The first place to look to determine whether an investigation or customer complaint constitutes a claim is the specific definition of claim in the policy. If that does not provide clarity, one should look at the case law. Importantly, the facts of any action must be carefully analyzed. For example, in National Stock Exchange v. Federal Insurance Company, the court held that an SEC "Order Directing Private Investigation and Designating Officer to Take Testimony" issued to the company was a claim against individuals because the definition of "company" was broad and included directors and officers.

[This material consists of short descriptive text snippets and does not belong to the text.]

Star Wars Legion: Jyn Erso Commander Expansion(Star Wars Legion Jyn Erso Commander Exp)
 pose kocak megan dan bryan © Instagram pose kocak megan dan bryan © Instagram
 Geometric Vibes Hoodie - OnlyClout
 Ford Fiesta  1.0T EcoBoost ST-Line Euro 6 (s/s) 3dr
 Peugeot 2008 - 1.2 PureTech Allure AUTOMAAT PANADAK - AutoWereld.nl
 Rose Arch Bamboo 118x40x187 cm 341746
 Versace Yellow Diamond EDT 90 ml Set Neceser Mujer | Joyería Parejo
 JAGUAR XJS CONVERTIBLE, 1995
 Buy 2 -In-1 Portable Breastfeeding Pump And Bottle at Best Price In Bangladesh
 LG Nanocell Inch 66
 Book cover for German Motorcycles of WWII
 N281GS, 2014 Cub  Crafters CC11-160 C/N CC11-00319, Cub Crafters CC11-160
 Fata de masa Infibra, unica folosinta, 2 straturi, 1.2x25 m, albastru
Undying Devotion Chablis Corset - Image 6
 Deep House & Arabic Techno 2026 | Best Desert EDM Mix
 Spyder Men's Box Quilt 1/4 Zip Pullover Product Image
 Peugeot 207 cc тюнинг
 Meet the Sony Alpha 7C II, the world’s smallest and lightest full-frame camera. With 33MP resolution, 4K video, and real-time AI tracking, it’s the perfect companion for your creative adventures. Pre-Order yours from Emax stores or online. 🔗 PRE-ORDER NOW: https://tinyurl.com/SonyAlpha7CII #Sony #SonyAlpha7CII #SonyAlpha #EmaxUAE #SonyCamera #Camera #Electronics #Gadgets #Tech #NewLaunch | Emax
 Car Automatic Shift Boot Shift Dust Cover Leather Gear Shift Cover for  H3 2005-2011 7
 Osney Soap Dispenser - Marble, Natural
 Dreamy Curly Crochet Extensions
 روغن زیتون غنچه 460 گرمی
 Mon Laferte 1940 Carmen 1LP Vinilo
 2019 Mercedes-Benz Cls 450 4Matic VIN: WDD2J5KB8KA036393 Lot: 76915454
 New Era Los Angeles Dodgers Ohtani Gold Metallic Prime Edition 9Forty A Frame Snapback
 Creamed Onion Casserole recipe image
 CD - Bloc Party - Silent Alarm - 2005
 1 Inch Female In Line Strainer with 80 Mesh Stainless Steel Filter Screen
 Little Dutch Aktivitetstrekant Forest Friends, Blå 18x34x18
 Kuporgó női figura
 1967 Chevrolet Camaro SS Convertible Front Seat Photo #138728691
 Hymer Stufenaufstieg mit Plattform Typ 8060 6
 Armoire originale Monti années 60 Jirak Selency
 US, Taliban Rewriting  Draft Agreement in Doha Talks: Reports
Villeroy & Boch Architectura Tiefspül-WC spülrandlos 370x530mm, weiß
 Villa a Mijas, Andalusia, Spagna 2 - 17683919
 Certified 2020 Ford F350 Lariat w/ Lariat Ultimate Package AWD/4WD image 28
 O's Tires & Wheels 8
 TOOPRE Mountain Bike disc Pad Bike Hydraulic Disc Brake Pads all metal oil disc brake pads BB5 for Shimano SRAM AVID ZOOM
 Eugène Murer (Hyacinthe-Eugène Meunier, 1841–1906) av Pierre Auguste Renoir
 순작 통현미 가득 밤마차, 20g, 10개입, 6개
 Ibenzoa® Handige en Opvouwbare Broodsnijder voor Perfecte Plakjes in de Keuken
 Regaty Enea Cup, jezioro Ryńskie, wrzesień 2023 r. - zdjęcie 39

Is a Wrongful Act Alleged?

D&O, E&O and fiduciary liability policies also require that a "wrongful act" be alleged. One definition of "wrongful act" in D&O and E&O policies is "an actual or alleged breach of duty, neglect, error, misstatement, misleading statement, omission or act." A typical definition of "wrongful act" in fiduciary liability policies is a "breach of responsibilities, obligations or duties imposed upon the fiduciaries of any plan by ERISA or the common law or statutory law of any jurisdiction governing such plan."

Insurers have reserved rights with respect to whether certain subprime cases allege wrongful acts. The insurers have raised issues such as whether the policies cover intentional acts, whether the alleged acts were done in the individual's insured capacity and whether the conditional language of investigative orders (e.g., "may have" committed) constitutes a wrongful act. Each of these defenses should be relatively easy to overcome. These policies unequivocally cover intentional acts. Although whether an act is performed in an individual's insured capacity is an issue that will depend upon the facts of the particular claim, the vast majority of subprime cases allege claims arising out of conduct taking place in an insured capacity. Finally, the conditional language of an investigative order should be sufficient to constitute a wrongful act. …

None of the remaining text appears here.